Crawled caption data
——————

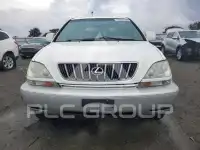 2001 Lexus RX300 фото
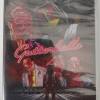 GUTTERBALLS  (  UNCUT  ) NEU I...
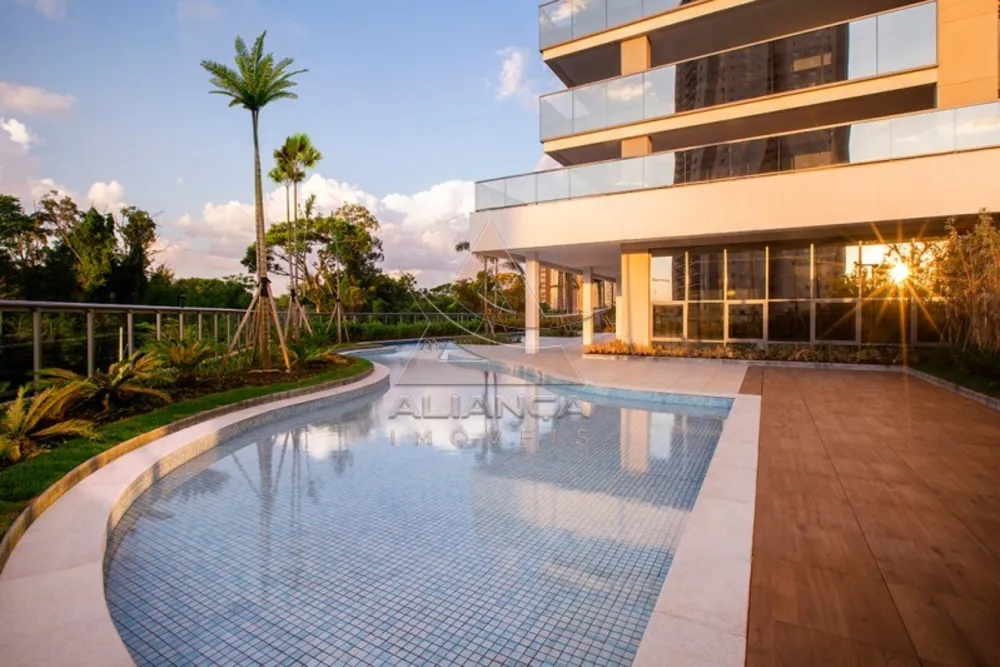 Apartamento, 4 quartos, 377 m² - Foto 1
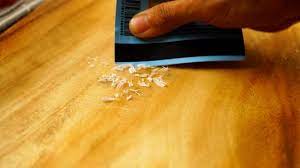 5 Ways To Remove Candle Wax Wikihow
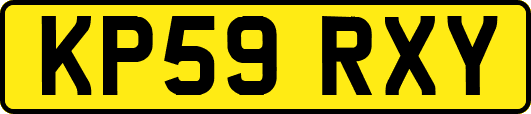 KP59RXY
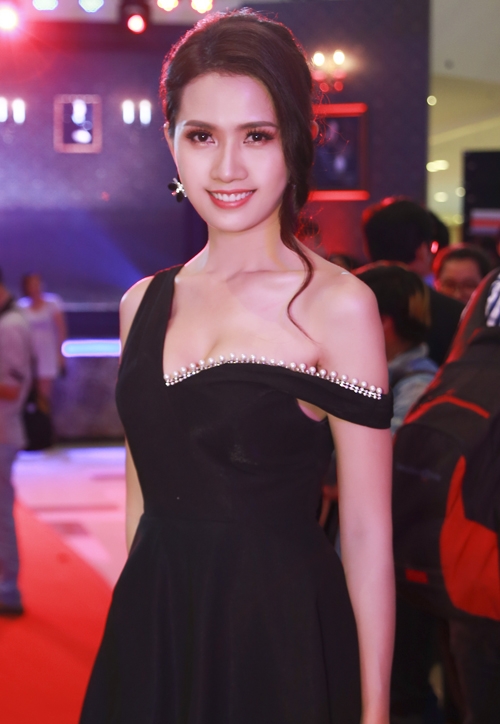 dan-sao-toi-ung-ho-vai-dien-kinh-di-cua-nhung-kate-3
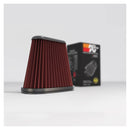K&N E-0665 luftfilter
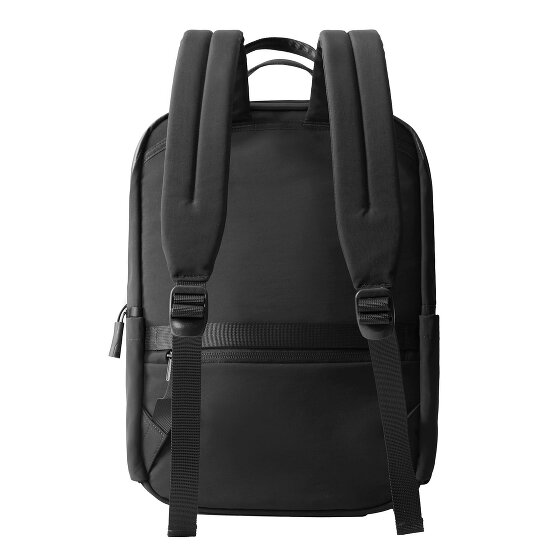 XD Design Soft Plecak 41 cm Komora na laptopa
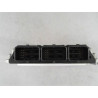 CALCULATEUR MOTEUR RENAULT KOLEOS 2008-2011
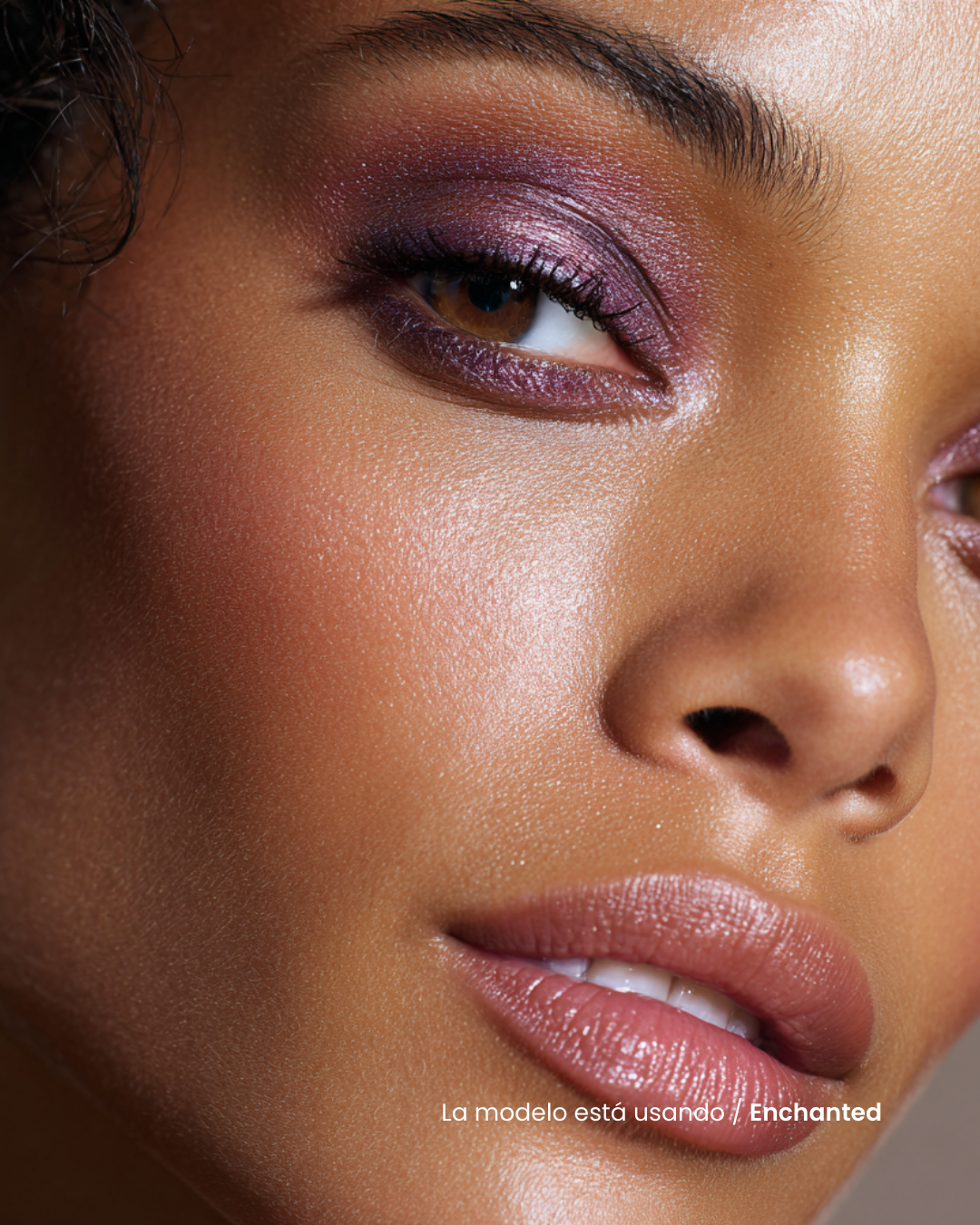 Eyeshadow Singles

——————

### EXERCISE
Quote, please, only the lines running from the one with "K&N E-0665 luftfilter" down to the final line of the data above, keeping both ends and skipping the pictures.

### ANSWER SPACE
K&N E-0665 luftfilter
 XD Design Soft Plecak 41 cm Komora na laptopa
 CALCULATEUR MOTEUR RENAULT KOLEOS 2008-2011
 Eyeshadow Singles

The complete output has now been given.